- _Exercise input_
....................
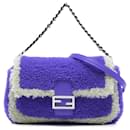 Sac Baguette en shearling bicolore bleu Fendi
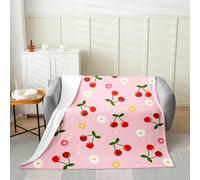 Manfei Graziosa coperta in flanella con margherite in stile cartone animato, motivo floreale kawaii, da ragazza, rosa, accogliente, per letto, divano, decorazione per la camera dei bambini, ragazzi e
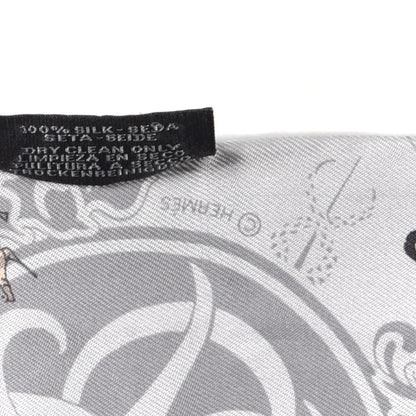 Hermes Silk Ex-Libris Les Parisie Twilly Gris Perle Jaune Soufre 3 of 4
....................
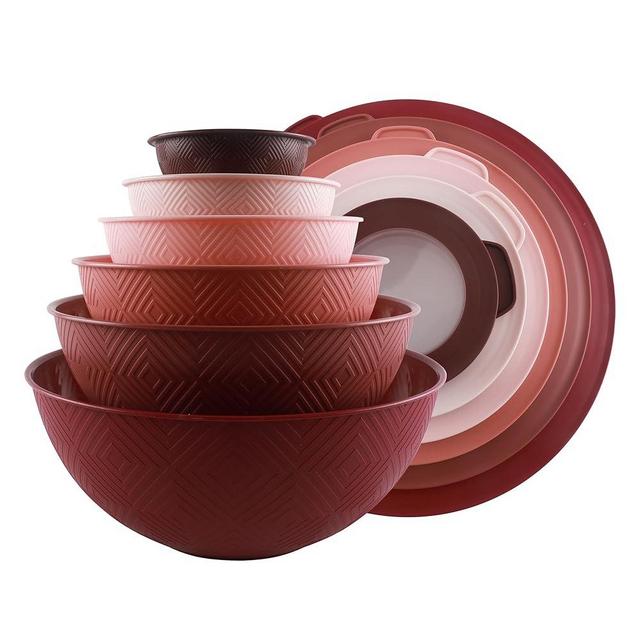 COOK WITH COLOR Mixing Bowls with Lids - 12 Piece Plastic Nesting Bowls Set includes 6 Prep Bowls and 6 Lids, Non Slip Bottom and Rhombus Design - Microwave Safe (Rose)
....................
- _Exercise aim_
Range to print from the listing above: from the line with "Manfei Graziosa coperta" up to and including the line with "Hermes Silk Ex-Libris". Please print those lines exactly, with no pictures and nothing more.

- _Your solution_
 Manfei Graziosa coperta in flanella con margherite in stile cartone animato, motivo floreale kawaii, da ragazza, rosa, accogliente, per letto, divano, decorazione per la camera dei bambini, ragazzi e
 Hermes Silk Ex-Libris Les Parisie Twilly Gris Perle Jaune Soufre 3 of 4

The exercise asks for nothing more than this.